Brutalism is arguably one of architecture’s most challenging styles. This mid century aesthetic is typified locally in buildings like Boston’s City Hall, built in 1968, and the campus of Southeastern Massachusetts University (now University of Massachusetts at Dartmouth), which was completed in phases from 1966-1971. These buildings are striking in their richness of texture, complexity of design, and the assertive face they turn to the world. Architects working in the Brutalist mode eschewed the glass curtain walls and cool steel of their contemporaries and embraced structures molded out of concrete that often bore the mark of the wood that formed them. Though fascinating and thought provoking, these buildings are frequently classed as problematic, if not ugly, and have drawn the ire of many.

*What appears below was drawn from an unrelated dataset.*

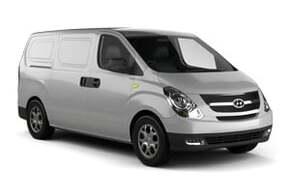 Hyundai H1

Despite being beautifully and thoughtfully designed, Brutalist buildings rarely age well. Many of the best examples were government commissions and in the years since they were constructed they have experienced decline due in part to the limited funds budgeted for upkeep. For this reason, even more than for the their design, Brutalist structures are often the target of anger on the part of individuals and communities at large. The fact that they were additionally sometimes tied to insensitive urban renewal programs, as is the case with Boston’s City Hall, only makes matters worse. Brutalist buildings have been in need of an advocate for some time and found one recently in Viera Levitt.
Levitt, the Gallery Director at University of Massachusetts at Dartmouth, presents photographs of these hard to love structures in her show Brutally Sweet at AS220‘s Project Space in Providence, Rhode Island. Her images are an overt ode to the style she appreciates more than the average viewer. The edifices she images are often described as cold and austere while simultaneously being associated with totalitarianism and urban blight. In Levitt’s imagery, these buildings are finally given their due. Her clean and refined photos do a wonderful job of culling out all the lovely intricacy and beauty that can be found in Brutalist designs. She reconsiders Brutalism for the viewer and in doing so exposes onlookers to the very best the style has to offer to architecture and art alike.
Levitt dedicates several pieces to the upward gaze, an appropriate outlook considering the huge scale of many Brutalist buildings. This size encourages the viewer to peer into the distance ceilings, evincing a literal high mindedness, which made the style ideal for university and government buildings with grand aspirations. Levitt’s images convey the experiential aspect of the spaces she depicts and the awe that their vast monumentality and geometric complexity elicit.
The quality of Levitt’s collection of photographs is enhanced by their vibrant arrangement within the gallery. The show deftly and subtly gives viewers the feeling of being in the world and of experiencing Brutalism from within and without. It highlights Levitt’s images for what they are essentially: architectural views through the eyes of a curious passer by.
The collection is successful because it approaches Brutalism from the high art aesthetic but with a human perspective. With a focus on form from the view of the pedestrian, the artist is able to redefine boundaries and chart a new course of approachability for the Brutalist aesthetic. Through Levitt’s lens, we finally see that buildings do not necessarily have to be very pretty to be very beautiful.